DIRECTIONS FOR THIS TASK ▸ The entries below contain a line with "Lost Male Dog" and a line with "Authentic Aquarium Ball". Quote exactly those two lines and all lines between them.

DATA RECORDS ▸
%%

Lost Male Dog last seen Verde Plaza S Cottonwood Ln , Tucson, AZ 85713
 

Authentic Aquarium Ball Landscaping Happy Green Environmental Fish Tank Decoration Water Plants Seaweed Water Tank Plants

%%
%%

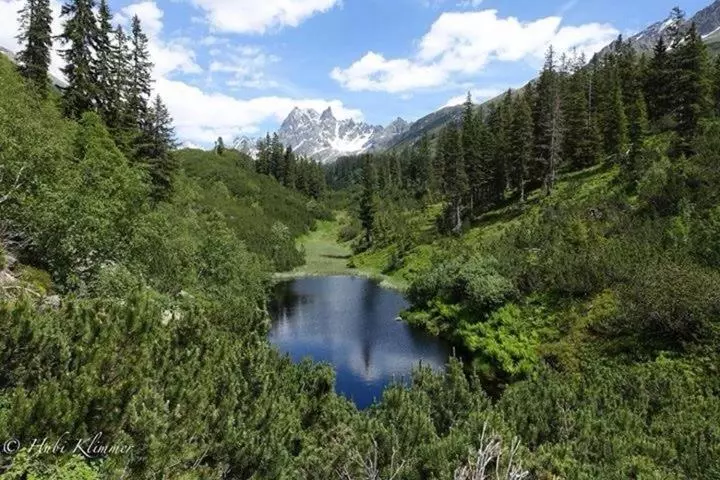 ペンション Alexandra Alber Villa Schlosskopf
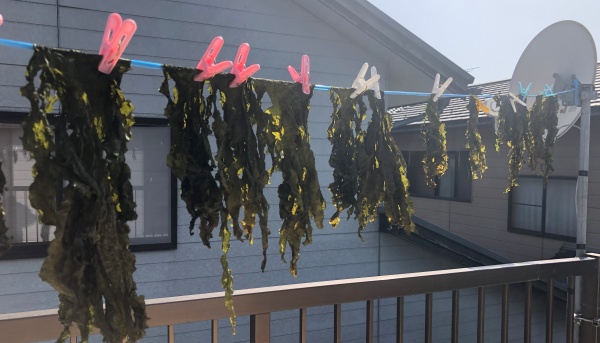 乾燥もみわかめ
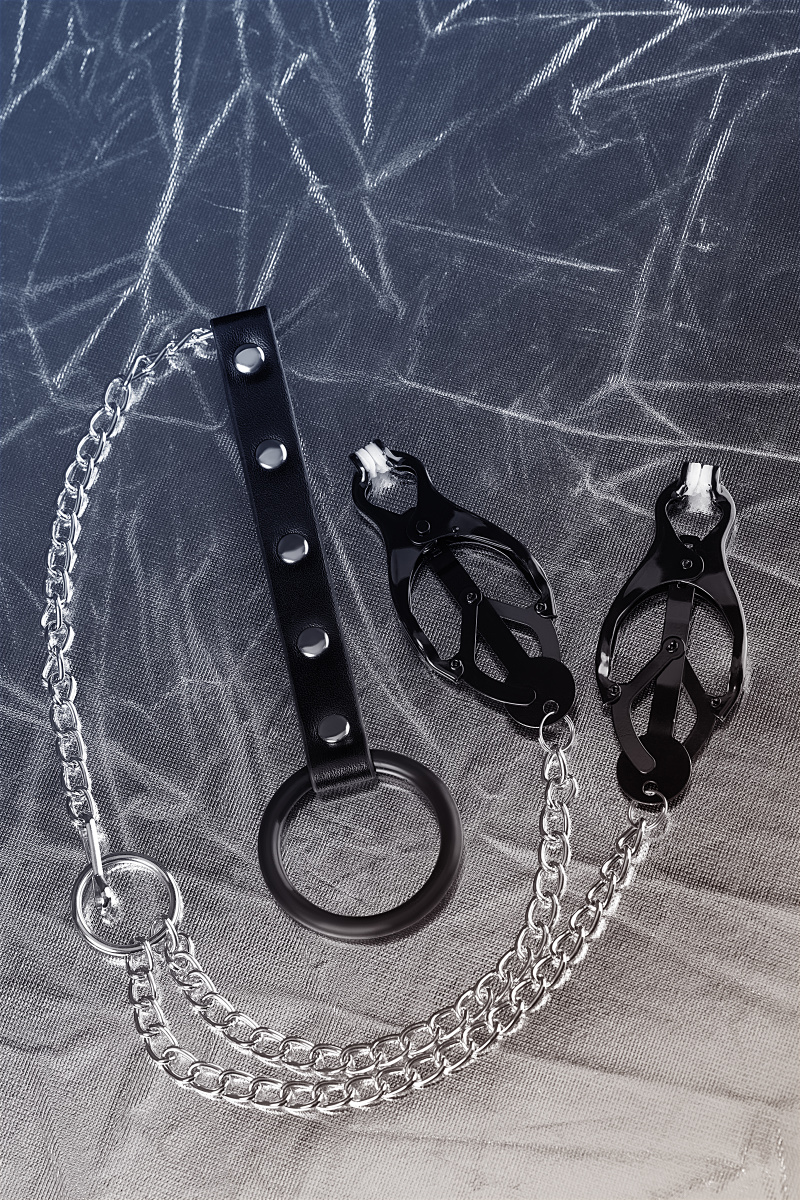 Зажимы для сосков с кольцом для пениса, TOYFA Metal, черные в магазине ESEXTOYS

%%

REPLY ▸
Lost Male Dog last seen Verde Plaza S Cottonwood Ln , Tucson, AZ 85713
 

Authentic Aquarium Ball Landscaping Happy Green Environmental Fish Tank Decoration Water Plants Seaweed Water Tank Plants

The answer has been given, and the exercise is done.